“Epistemic Conditions for Nash Equilibrium,” R. Aumann & A. Brandenburger (1995)

This paper is a real classic that I noticed had yet to appear on this site. Every economist knows a Nash equilibrium attains when no player can improve his payoff by deviating from his strategy. There are two concerns. First, if the equilibrium prescribes a mixed strategy, then why would anyone randomize, by which we mean make important decisions on the basis of a coin flip? And second, how much need I know about the other player for Nash to obtain?

We can think of this in terms of common and mutual knowledge. I know something in some state of the world if I believe that event happens with probability 1 (in other works in this literature, I believe it happens with absolute certainty; don’t concern yourself with this difference).
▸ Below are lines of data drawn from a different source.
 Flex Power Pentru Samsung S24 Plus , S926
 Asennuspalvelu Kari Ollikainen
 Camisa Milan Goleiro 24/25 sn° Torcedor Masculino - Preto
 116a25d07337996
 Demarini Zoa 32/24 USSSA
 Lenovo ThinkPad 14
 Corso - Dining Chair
You and I, or the group of us, mutually know something if we all believe it with probability 1. You and I, or the group of us, commonly know something if we all believe it with prob. 1, we all believe with prob. 1 that we all believe it with prob. 1, and so on ad infinitum. It is tempting to believe, and many economists did basically until this paper was published, that common knowledge of the game form (who gets what payoffs from what actions?) and common knowledge of rationality (players maximize given their information) are implied by Nash equilibria. The logic is something like: I play mixed strategy X because I think you will play Y, which you play because you think I will play X because I think you will play Y, and so on.
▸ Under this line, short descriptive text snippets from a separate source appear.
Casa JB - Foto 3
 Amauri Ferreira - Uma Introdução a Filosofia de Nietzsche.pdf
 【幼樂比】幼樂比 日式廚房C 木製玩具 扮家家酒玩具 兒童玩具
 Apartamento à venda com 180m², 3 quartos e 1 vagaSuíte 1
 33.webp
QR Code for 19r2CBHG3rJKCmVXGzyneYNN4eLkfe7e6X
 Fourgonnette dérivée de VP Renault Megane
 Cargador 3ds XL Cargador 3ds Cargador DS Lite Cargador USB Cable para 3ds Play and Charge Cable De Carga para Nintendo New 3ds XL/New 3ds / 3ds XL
This logic is not correct. Let a “conjecture” be a belief about what another person will do in a game. In a two player game, if the game form, rationality of the players, and each player’s conjecture is mutually known, the conjectures form a Nash equilibrium. There is no common knowledge at all! The proof is actually really simple. First, if conjectures are mutually known to be Q, then the conjectures actually are Q – this follows almost immediately from the definition of “known”. Next, note that is some action a(i) for player i is assigned positive probability by player j in his conjecture Q(j), then a(i) must be maximizing in the game form given i’s conjecture Q(i) about what j will do. What this sentence says is that j knows the following events “i is rational” and “i is using conjecture Q(i)” happen with probability 1 given the current state, and the event “i plays action a(i)” happens with positive probability given the current state. Since two of those events have probability 1 and the third has positive probability, their intersection has positive probability. In the state where that intersection attains, i is rationally playing a(i) given conjecture Q(i), hence a(i) is an optimal action given what i conjectures j will do. In the same manner, ever action a(j) with positive probability is an optimal action for j given what j conjectures i will do. This is the definition of a Nash equilibrium.

This result is perhaps not too surprising. Why would Nash play require common knowledge of rationality, for instance? If you know what I conjecture you are going to do, and you know my payoff function, and you know that I am rational, then you know what “best respond” means for me, and you know that I will best respond given my conjecture about how you will play. Likewise, I know that you will best respond given your conjecture about how I will play. So if we think of mixed strategies as “conjectures held by our opponents in a game which are mutually known” rather than “conscious randomization devices”, we have a nice interpretation of Nash equilibrium.

With more than 2 players, the situation is a little trickier. We need a common prior about the state, and we need common knowledge of the conjectures. This common knowledge needs to be over the conjectures each player has about what all other players will do, not common knowledge about what each individual player will do; that is, common knowledge that player 1 conjectures that player 2 will mix evenly between A and B, and player 3 will mix evenly between a and b is not sufficient. We need common knowledge that player 1 conjectures, say, that Aa happens 20 percent of the time, Ab 30% of the time, Ba 30 percent of the time and Bb 20 percent of the time. Exact details about why these assumptions are needed can be found in the paper, but the important part here is that, again, common knowledge of rationality is not one of the required conditions for Nash equilibrium to obtain.

http://www.ratio.huji.ac.il/dp_files/dp57.pdf (Final Econometrica version – Aumann is quite good at putting final, ungated copies of his research online. He also appears, in the hallway of our department, in the best economist portrait of all time. Rather than staring blandly at the camera and smiling, Aumann appears like a Biblical character deep in thought while playing a particularly rigorous game of chess.)